┌──
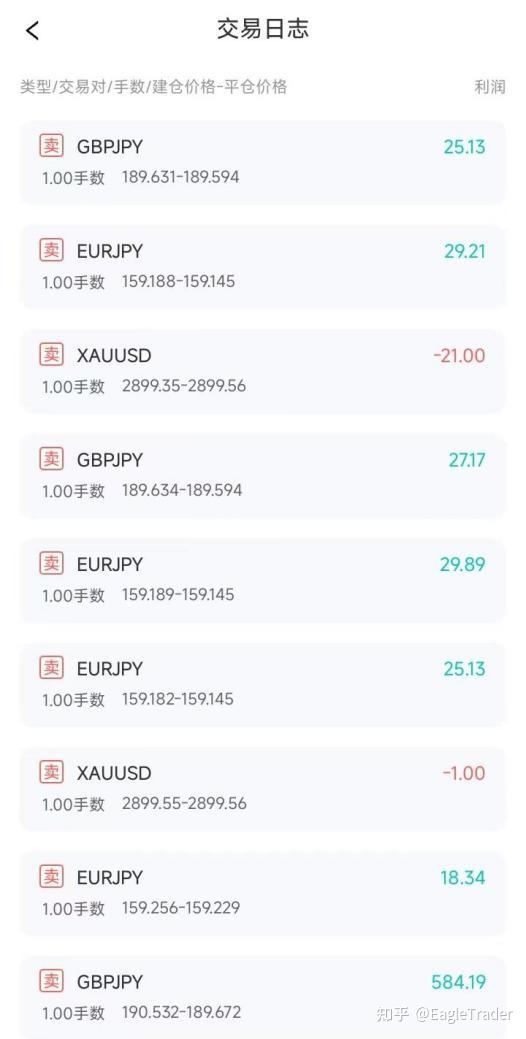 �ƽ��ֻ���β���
└──
┌──
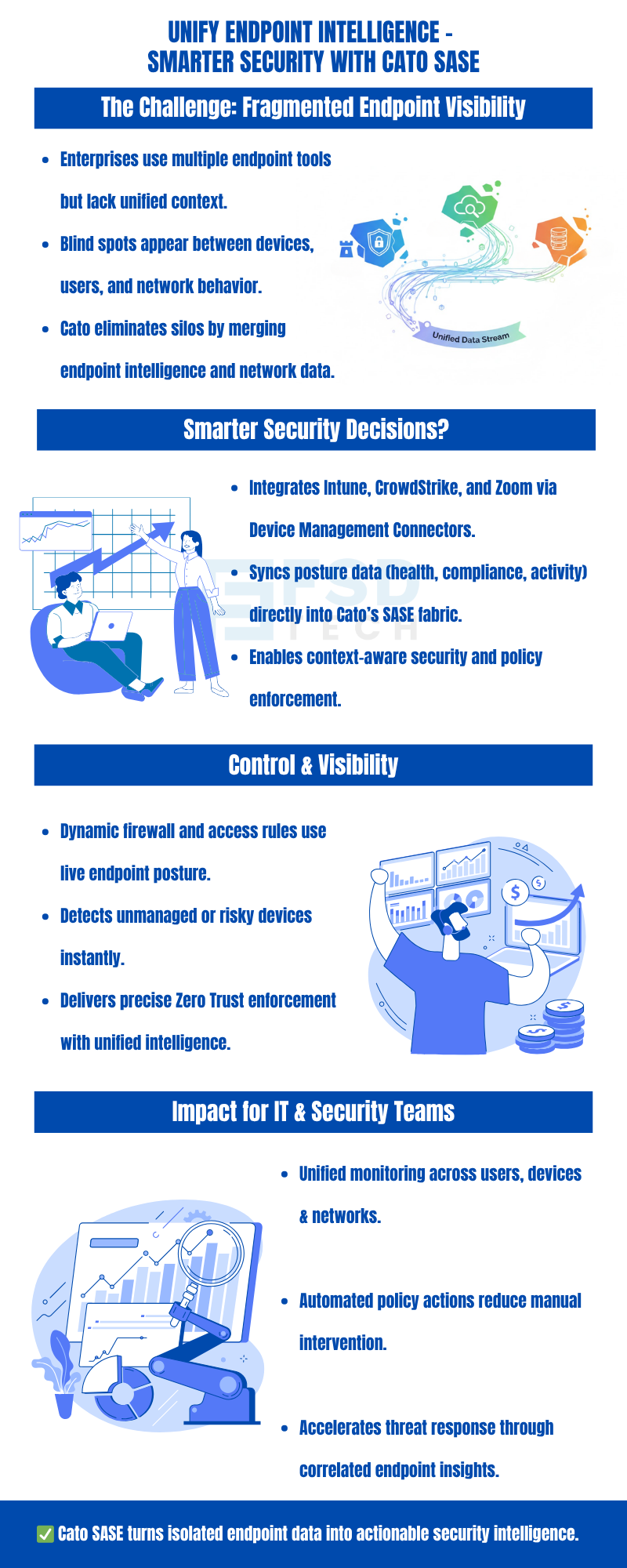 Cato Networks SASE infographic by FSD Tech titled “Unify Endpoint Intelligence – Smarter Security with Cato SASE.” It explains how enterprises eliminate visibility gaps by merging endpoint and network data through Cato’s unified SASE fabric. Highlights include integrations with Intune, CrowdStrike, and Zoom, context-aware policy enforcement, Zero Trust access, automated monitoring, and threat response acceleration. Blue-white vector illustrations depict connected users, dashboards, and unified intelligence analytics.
└──
┌──
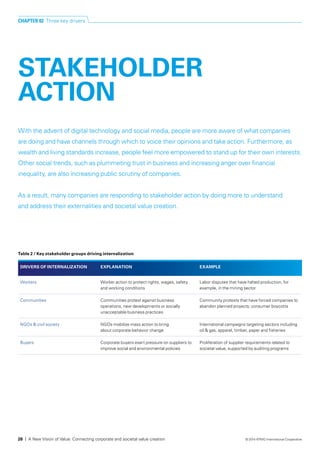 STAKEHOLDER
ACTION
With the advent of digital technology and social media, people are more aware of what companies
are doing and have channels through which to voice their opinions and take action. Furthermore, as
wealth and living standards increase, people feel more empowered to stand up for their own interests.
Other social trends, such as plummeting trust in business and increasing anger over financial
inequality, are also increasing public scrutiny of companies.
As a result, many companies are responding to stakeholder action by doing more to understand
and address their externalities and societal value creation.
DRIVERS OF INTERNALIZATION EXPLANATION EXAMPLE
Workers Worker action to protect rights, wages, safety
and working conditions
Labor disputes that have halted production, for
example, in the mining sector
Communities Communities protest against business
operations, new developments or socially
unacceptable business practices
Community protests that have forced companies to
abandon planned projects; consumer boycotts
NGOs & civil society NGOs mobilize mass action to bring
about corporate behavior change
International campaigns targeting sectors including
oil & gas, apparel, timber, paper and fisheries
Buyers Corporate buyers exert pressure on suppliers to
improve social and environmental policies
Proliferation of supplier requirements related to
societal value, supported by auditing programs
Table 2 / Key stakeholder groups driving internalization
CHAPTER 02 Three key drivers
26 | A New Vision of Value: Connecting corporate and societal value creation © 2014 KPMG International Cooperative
└──
● **TASK REQUIREMENTS**: All lines above from the line with "unacceptable business practices" through the line with "Table 2 / Key", both included, are to be set down exactly, with nothing else.

● **TASK RESPONSE**:
unacceptable business practices
Community protests that have forced companies to
abandon planned projects; consumer boycotts
NGOs & civil society NGOs mobilize mass action to bring
about corporate behavior change
International campaigns targeting sectors including
oil & gas, apparel, timber, paper and fisheries
Buyers Corporate buyers exert pressure on suppliers to
improve social and environmental policies
Proliferation of supplier requirements related to
societal value, supported by auditing programs
Table 2 / Key stakeholder groups driving internalization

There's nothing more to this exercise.